# Instructions for the task
Please retype the data in full and exactly; the pictures are not part of the copy.

# Record set
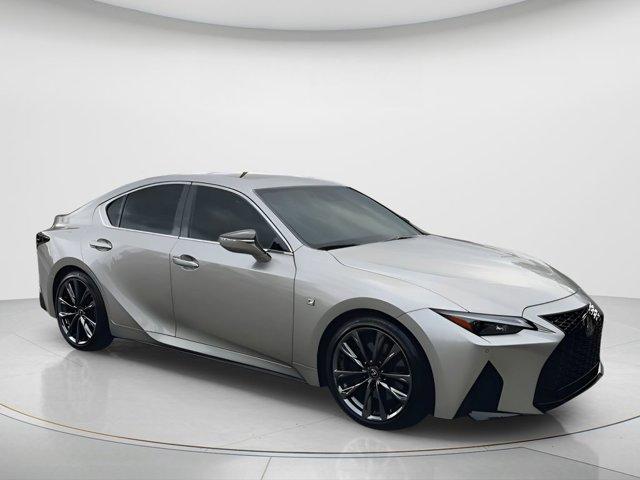 used 2023 Lexus IS 350 car, priced at $40,800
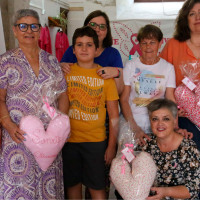 Ultiman los preparativos para la marcha rosa de 'Sonríe Olivenza'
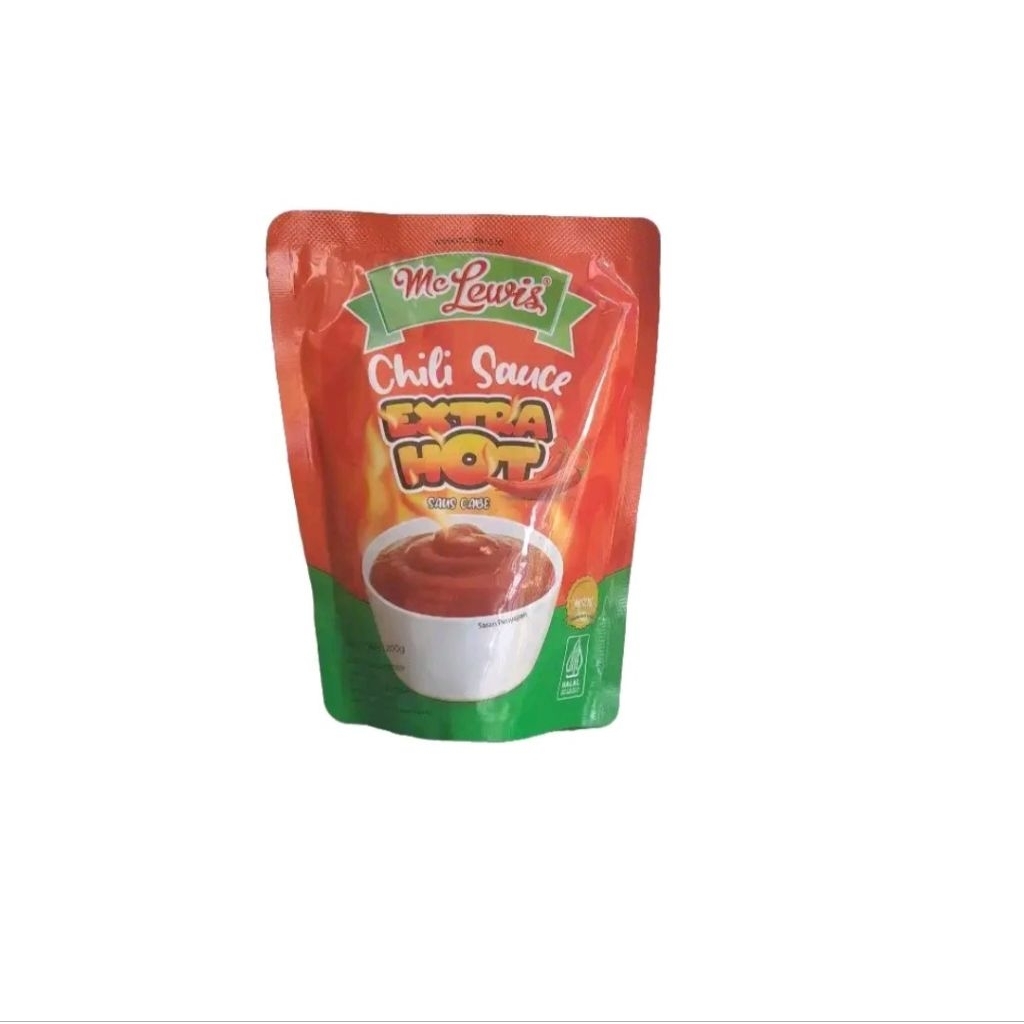

Mc Lewis Chili Sauce Saos Cabe 200gr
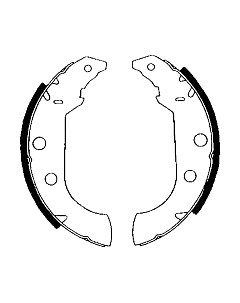 Тормозные колодки AP 04980 Ap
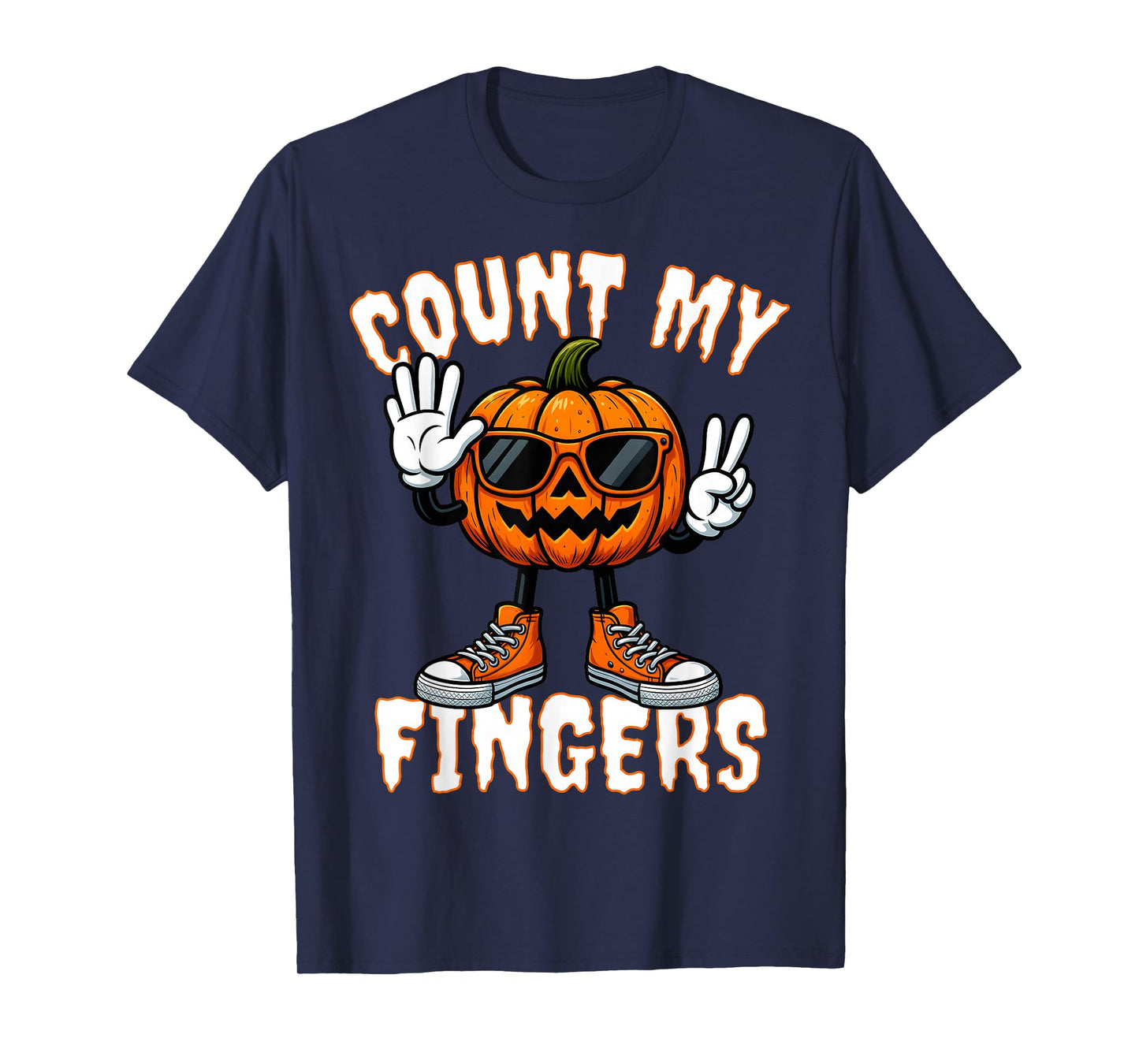 67 Halloween Pumpkin Funny Brainrot Meme Kids Six Seven Boys T-Shirt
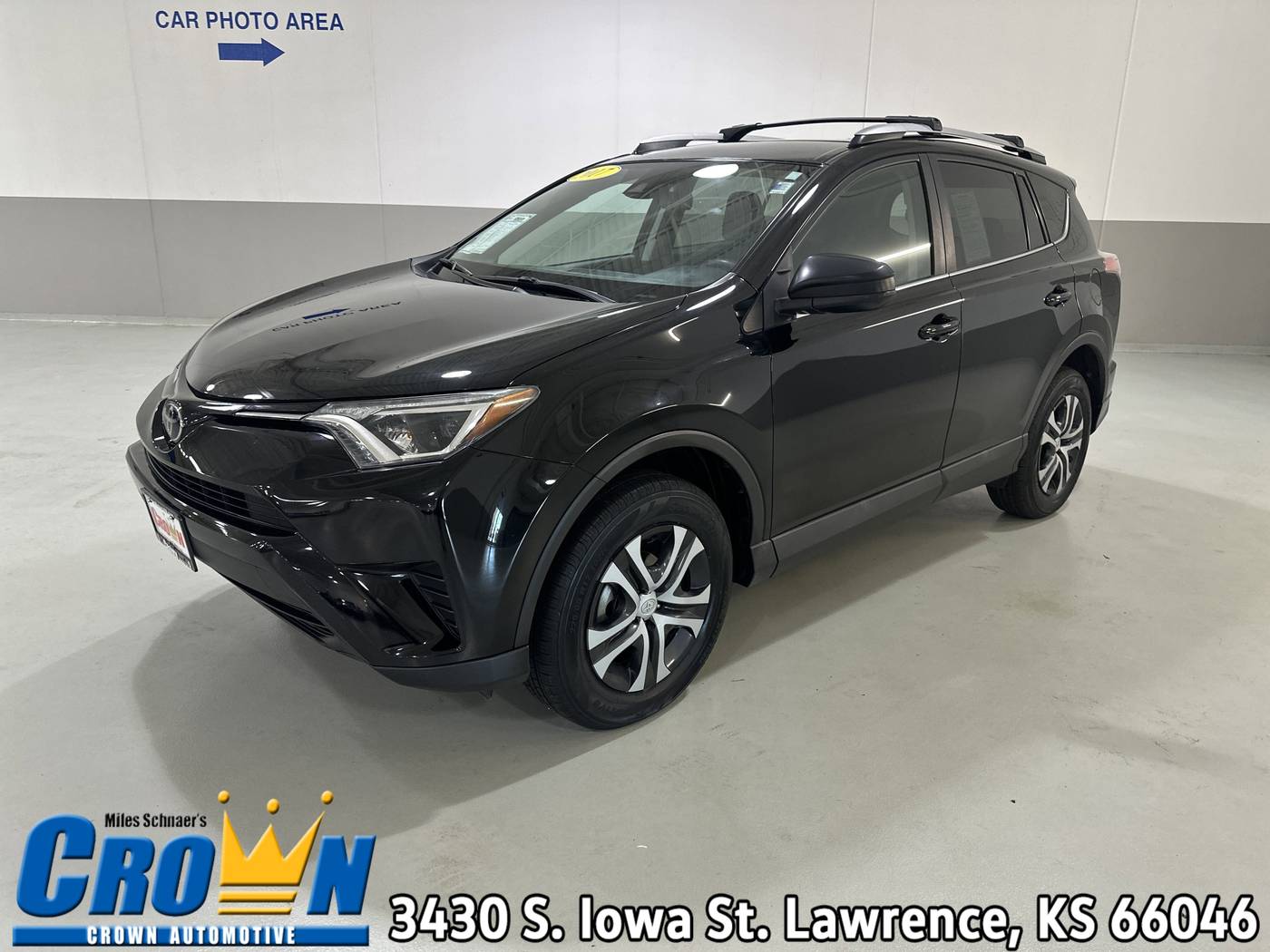 2017 Toyota RAV4 LE — SUV — 57,290 mi — Lawrence, KS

# Result of the task
 used 2023 Lexus IS 350 car, priced at $40,800
 Ultiman los preparativos para la marcha rosa de 'Sonríe Olivenza'

Mc Lewis Chili Sauce Saos Cabe 200gr
 Тормозные колодки AP 04980 Ap
 67 Halloween Pumpkin Funny Brainrot Meme Kids Six Seven Boys T-Shirt
 2017 Toyota RAV4 LE — SUV — 57,290 mi — Lawrence, KS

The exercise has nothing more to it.